(TASK BRIEF): Taking the data below, please print only the lines from the line holding "Used 2022 Chrysler" to the line holding "Short de baño", inclusive, with pictures omitted.

(DATASET CONTENT):
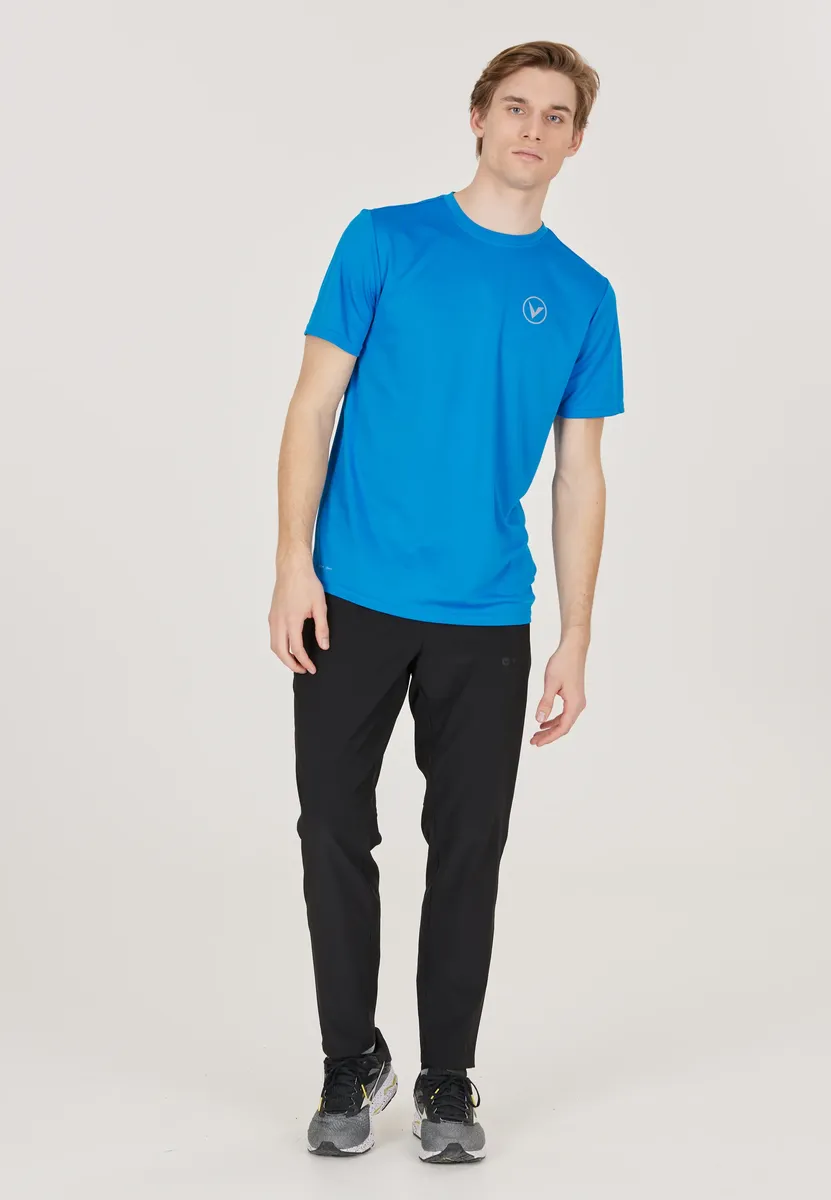 Функциональная рубашка Virtus "Кесо" с быстросохнущими и дышащими свойствами, синий
Функциональная рубашка Virtus "Кесо" с быстросохнущими и дышащими свойствами, синий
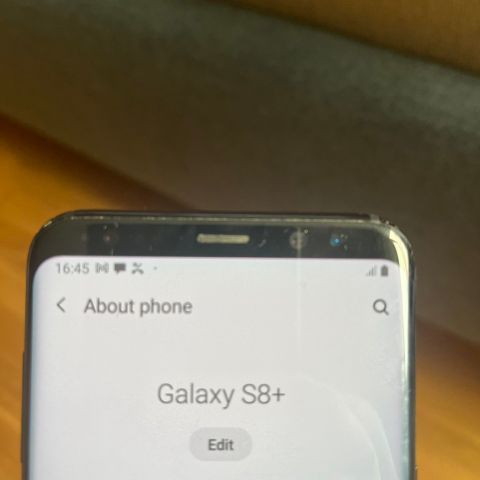 Samsung S8+ med cover og skjermbeskytter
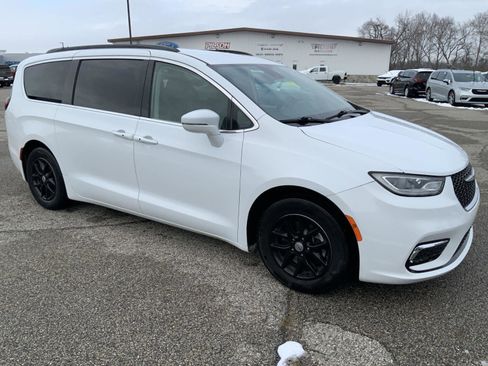 Used 2022 Chrysler Pacifica Touring-L image 2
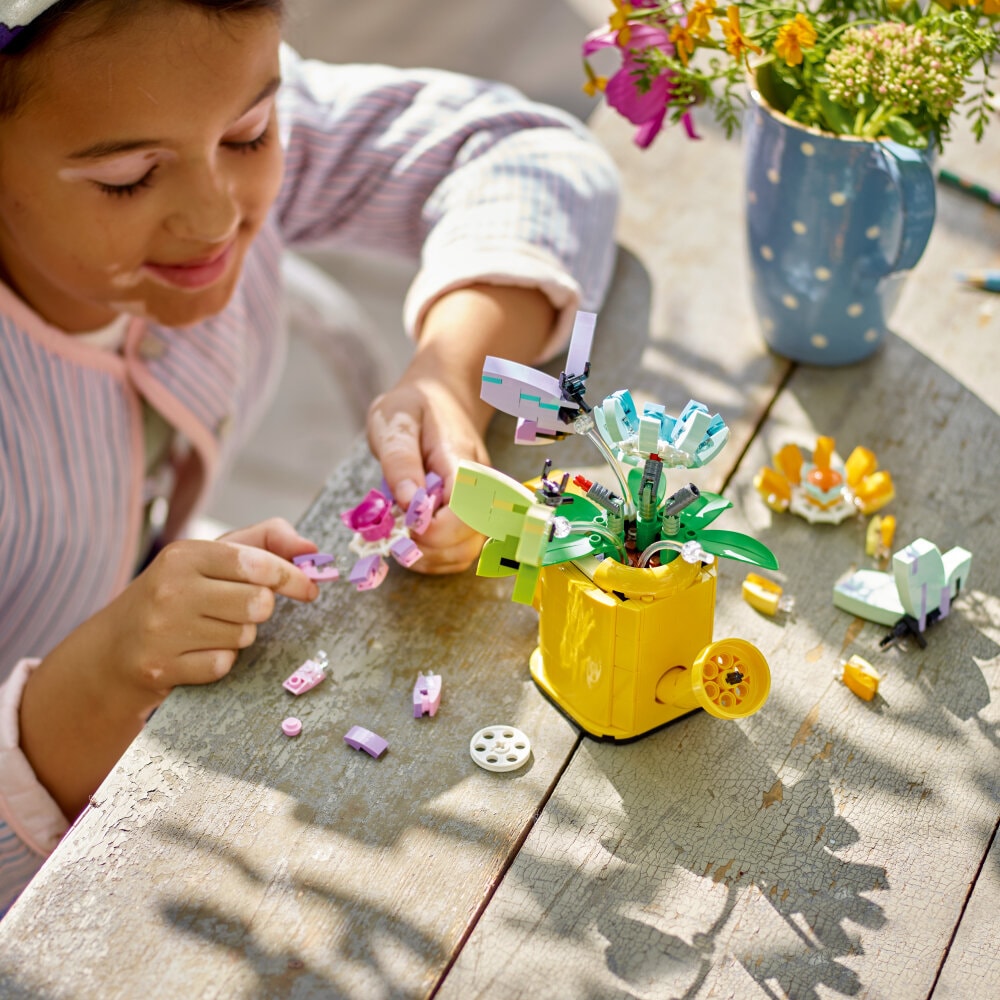 LEGO Creator - Gießkanne mit Blumen 8+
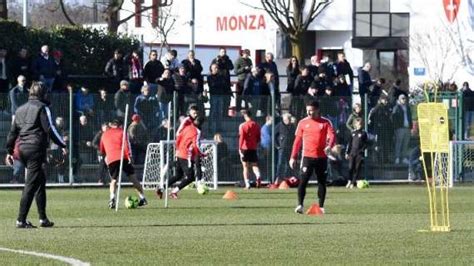 Oggi Allenamento A Porte Aperte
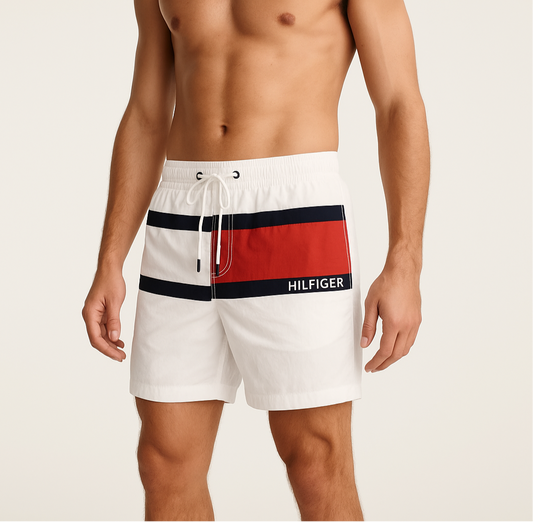 Short de baño Tommy Hilfiger 🇺🇸 color blanco y logo en color rojo, azul y blanco talla L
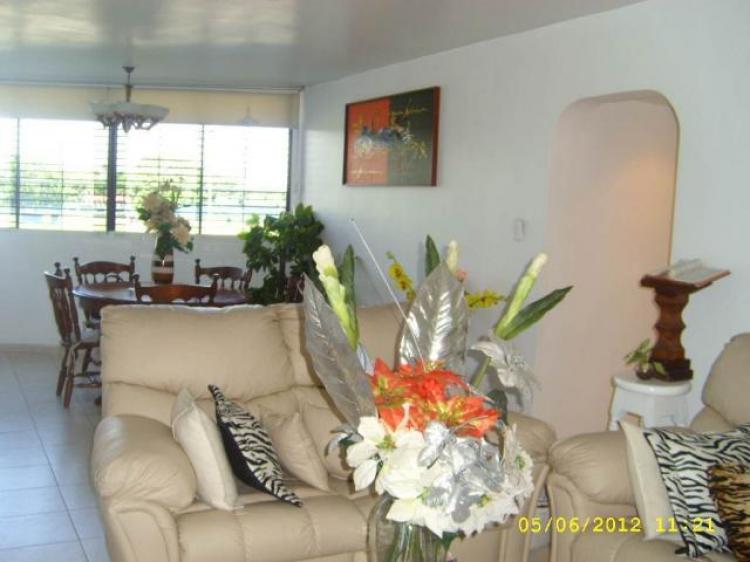 Foto Apartamento en Venta en Maracay, Maracay, Aragua - BsF 1.050.000 - APV39981 - BienesOnLine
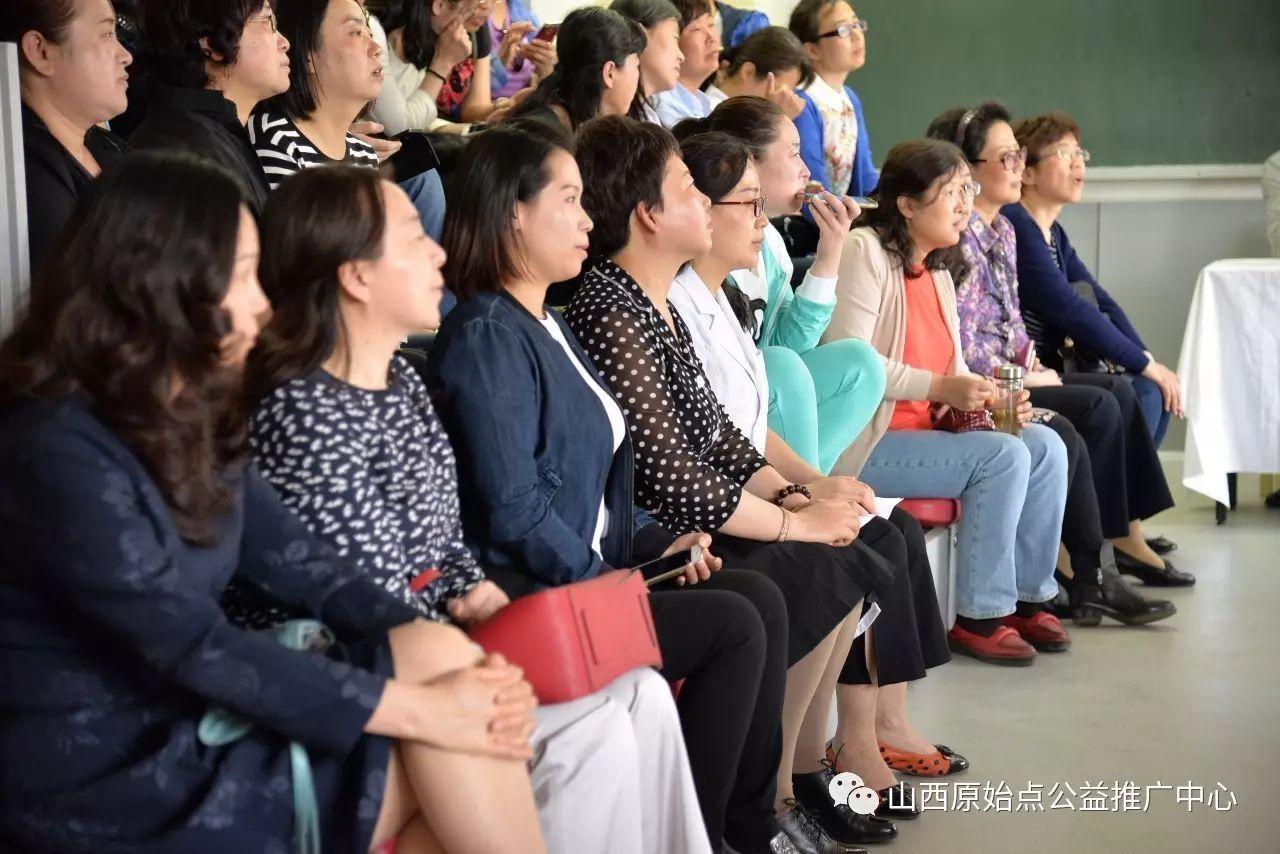 2017.05太原卫校职业教育活动周-原始点健康疗法现场体验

(RESPONSE BELOW):
 Used 2022 Chrysler Pacifica Touring-L image 2
 LEGO Creator - Gießkanne mit Blumen 8+
 Oggi Allenamento A Porte Aperte
 Short de baño Tommy Hilfiger 🇺🇸 color blanco y logo en color rojo, azul y blanco talla L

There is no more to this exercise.